Quindi, se una ragazzina chiede come fare a diventare famosa senza saperlo nemmeno scrivere, io non posso non sentirmi in colpa. Ma non posso nemmeno guardare alla sua domanda con indulgenza e buonismo e fingere che vada tutto bene, o che sia tutto questione di opinione e tutto sommato sia un falso problema. Non voglio pensare che tutto sia relativo.
Non penso neppure che gli uomini siano fatti per essere scialbi, anzi, è proprio questo che mi turba e che mi costa e che mi fa male: cosa ci ha fatto scegliere di esserlo?
Insomma, con questa poesia ho voluto esprimere queste mie sensazioni di frustrazione, di esasperazione, forse anche un po'di alienazione, e visto che obiettivamente non sono riuscita a spiegarle nè con i versi, nè con queste note, mi rimetto al vostro giudizio sull'argomento, nella speranza di aver almeno indicato in che direzione stavano andando i miei pensieri quando ho scritto questa poesia.
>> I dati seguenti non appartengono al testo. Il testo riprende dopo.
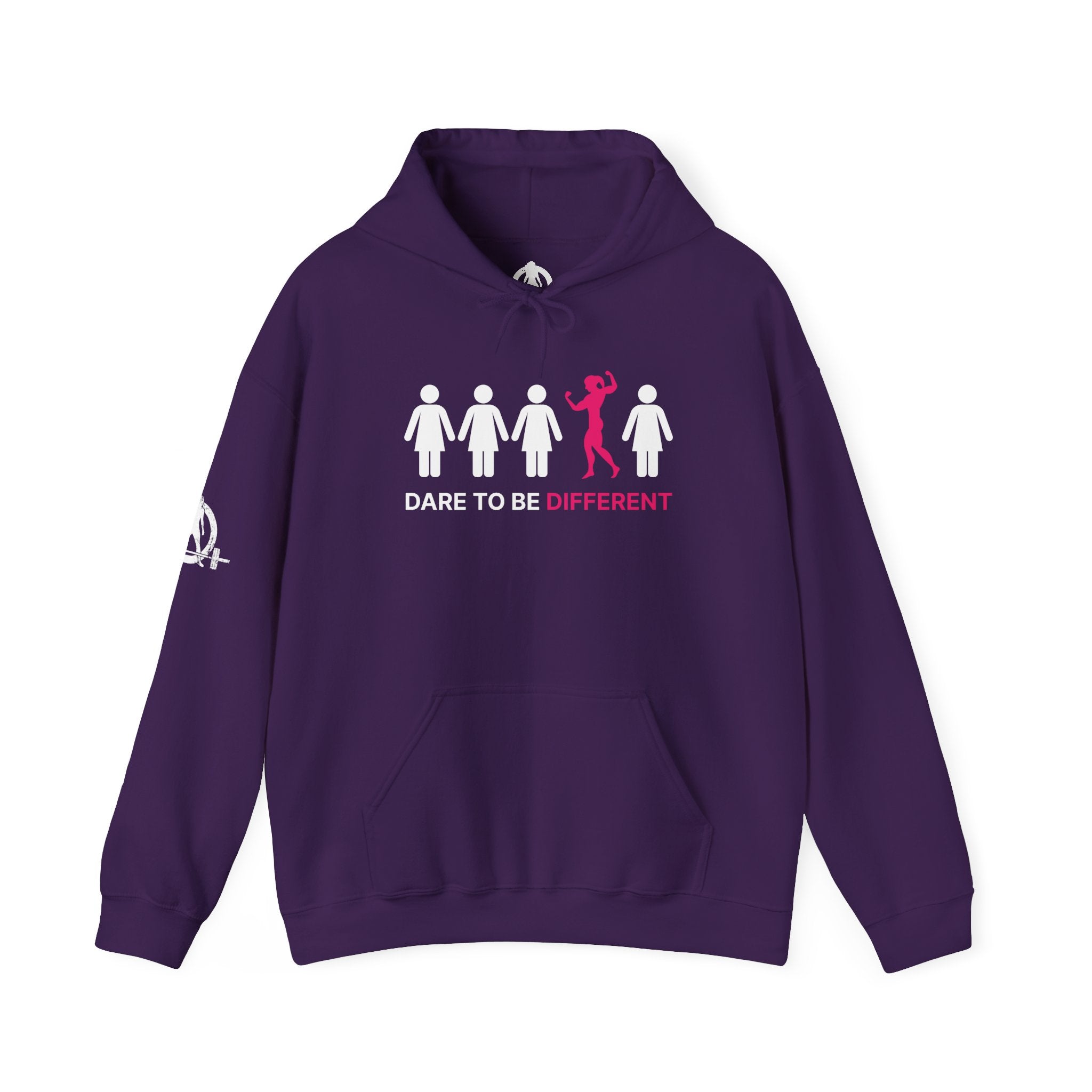Dare To Be Different Flex - Unisex Heavy Blend Hooded Sweatshirt -  Print on Front & Plain Back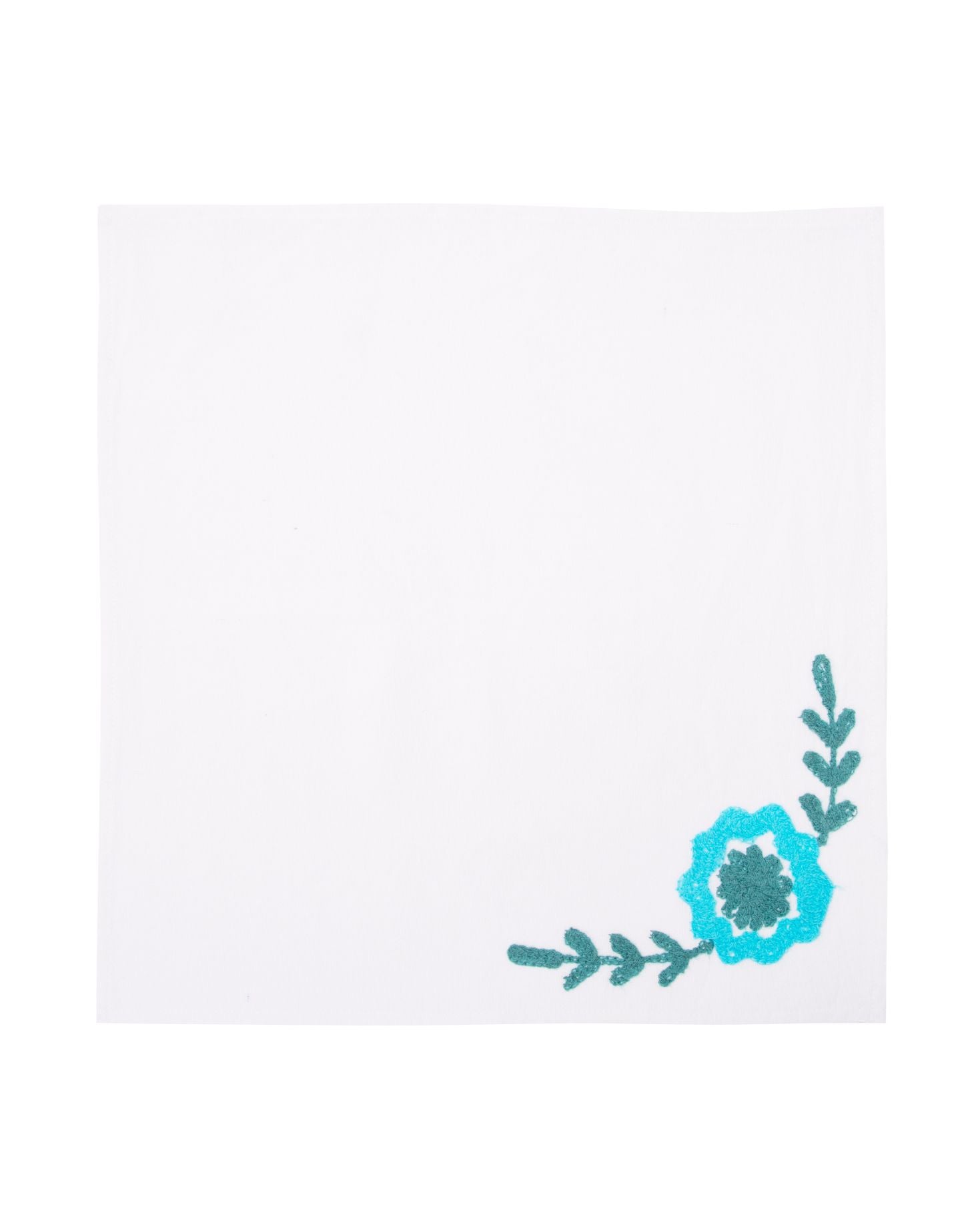 SET INDIVIDUAL Y SERVILLETA CALÉNDULA AZUL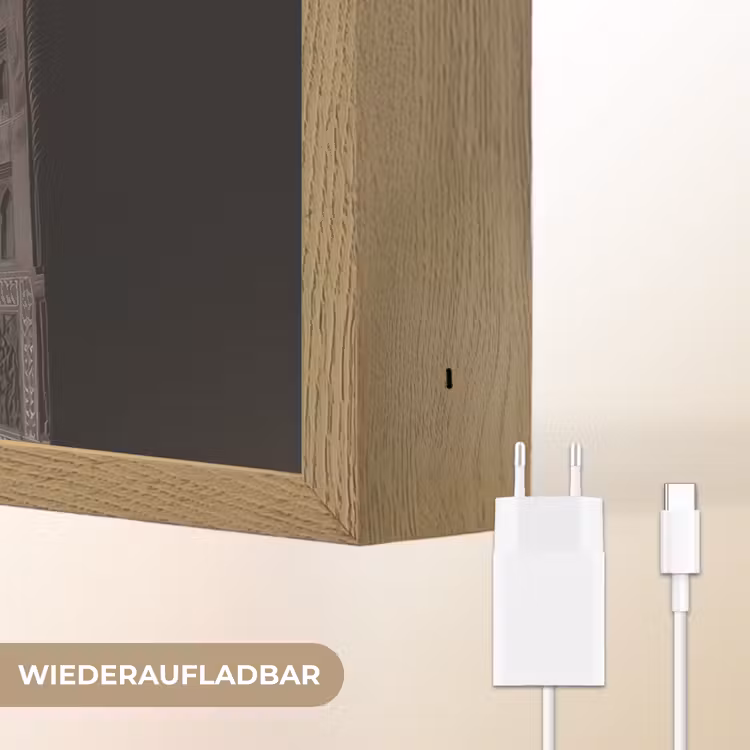 Poort - Symmetrische koepel - Minaretten - Moskee Light Box met batterij (Wandlamp) middel -USP_websiteoplaadbaarDE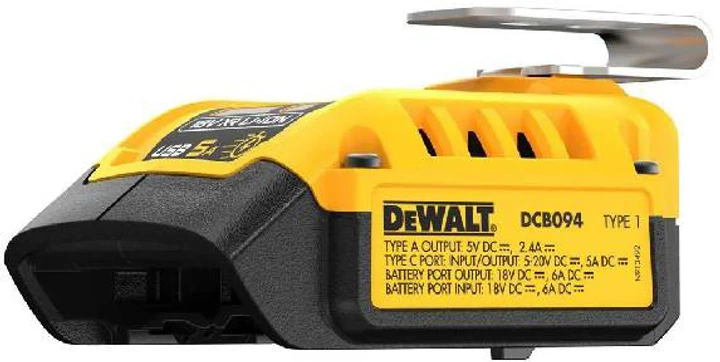 Переходник адаптер для аккумулятора DeWALT DCB094K - Фото 3 Переходник адаптер для аккумулятора DeWALT DCB094K - изображение 3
Non voglio insegnare niente a nessuno, nè puntare il dito, nè lamentarmi dei bei tempi andati, nè credermi migliore attraverso questo mio scrivere o attraverso questo mio leggere, e non voglio neppure risolvermi al cinismo e allo sprezzo (sembra che questa poesia, più che essere, non sia).
Potrei dire che, più di tutto, questa poesia è una constatazione.
Andando alla "superentità" di cui parla la seconda parte della poesia, essa è la Risposta, o meglio "Quelli che rispondono", mentre la prima parte è la domanda, ovvero "Quelli che domandano". Tirando le somme, le superentità sono due, una il rovescio dell'altra, ma entrambe la stessa moneta di ferro (il rimando dell'intera poesia è, infatti, la poesia "La moneta di ferro" di Borges, che - se volete - sarò lieta di citare nel prossimo capitolo. Non in questo, perchè al momento non ce l'ho sottomano e perchè ho già sproloquiato abbastanza, raggiungendo lunghezze inusitate.).
Insomma, detta in due parole, su answers c'è gente che domanda e gente che risponde: chi domanda spesso fa sentire un po' sconfitto e un po' disilluso chi risponde, il quale, per sua definizione, altrettanto spesso tende a sentirsi superiore a chi domanda. Ma chi domanda e chi risponde sono, in fondo, le stesse persone: quello che risponde una volta o l'altra domanderà a sua volta, e anche nel caso in cui mai domandasse qualcosa, avrà almeno una volta nella vita pensato come quelli che domandano.
Lo Specchio Oscuro è un riferimento ai romanzi di Jaqueline Carey, ed è l'opposto - evidentemente - dello specchio luminoso. Ognuno ha entrambi dentro di sé, e ci sarebbe molto da dire al riguardo, ma ho già sforato da un pezzo, e comunque meriterebbe un discorso a parte. E' molto più facile che intuiate piuttosto che io vi spieghi come si deve, perciò, avendo più fiducia in voi che nelle mie parole, vi lascio a voi stessi.
Un ulteriore riferimento probabilmente è alla Verità di Fullmetal Alchemist, in una versione più pallida e squallida. Tutto questo è piuttosto ironico.
E ora, dopo avervi rotto le scatole per un numero criminale di righe, e rinnovandovi il permesso di portarmi al manicomio, vi lascio. Non vorrei che mi scuocesse la pasta.